> **What is being asked**
Skip the pictures. Transcribe exactly the lines from the line containing "Funda de Silicona" to the end of the listing.
== Entries shown ==
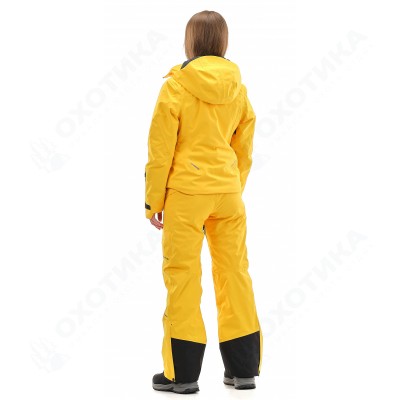 Куртка горнолыжная утепленная Gravity Premium WOMAN Yellow-Dark Ocean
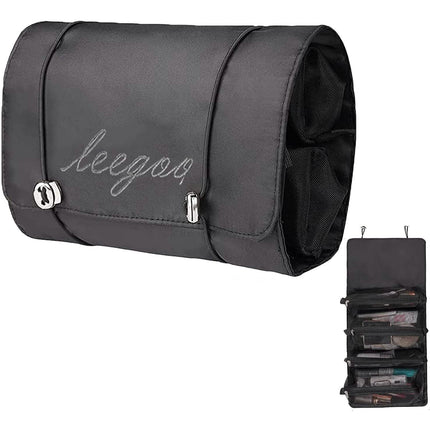 Hanging Roll-Up Makeup Bag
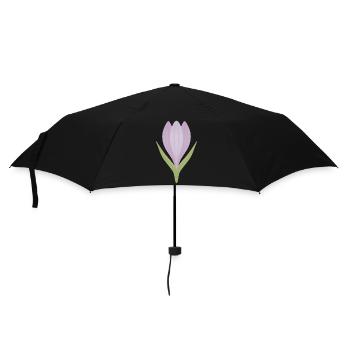 Illustration de la fleur de crocus lilas - Parapluie standard - noir - Devant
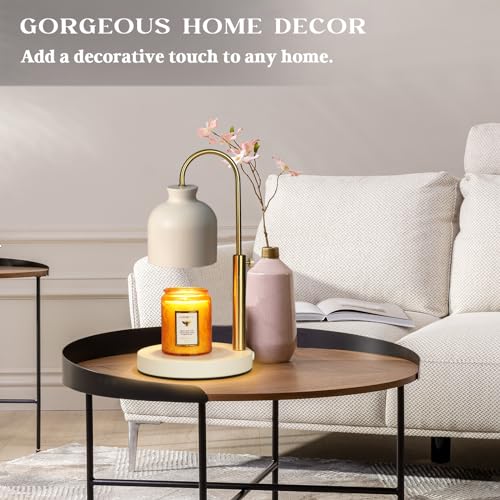 Blue Candle Warmer Lamp with Timer, Dimmable, 2 Bulbs E562659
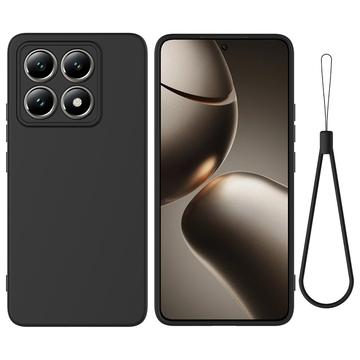 Funda de Silicona Líquida para Xiaomi 14T Pro - Negro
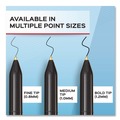 Pens | Paper Mate 2140570 Write Bros. Medium 1 mm Ballpoint Pen - Black Ink/Black Barrel (8/Pack) image number 4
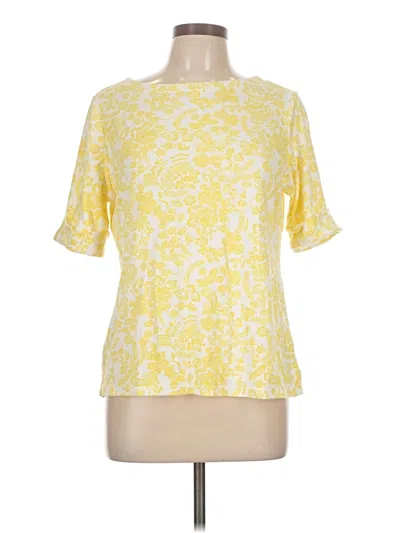 Pre-owned Style & Co Short Sleeve T-shirt In Yellow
===
> **Response to the exercise**
 Funda de Silicona Líquida para Xiaomi 14T Pro - Negro
 Pens | Paper Mate 2140570 Write Bros. Medium 1 mm Ballpoint Pen - Black Ink/Black Barrel (8/Pack) image number 4
 Pre-owned Style & Co Short Sleeve T-shirt In Yellow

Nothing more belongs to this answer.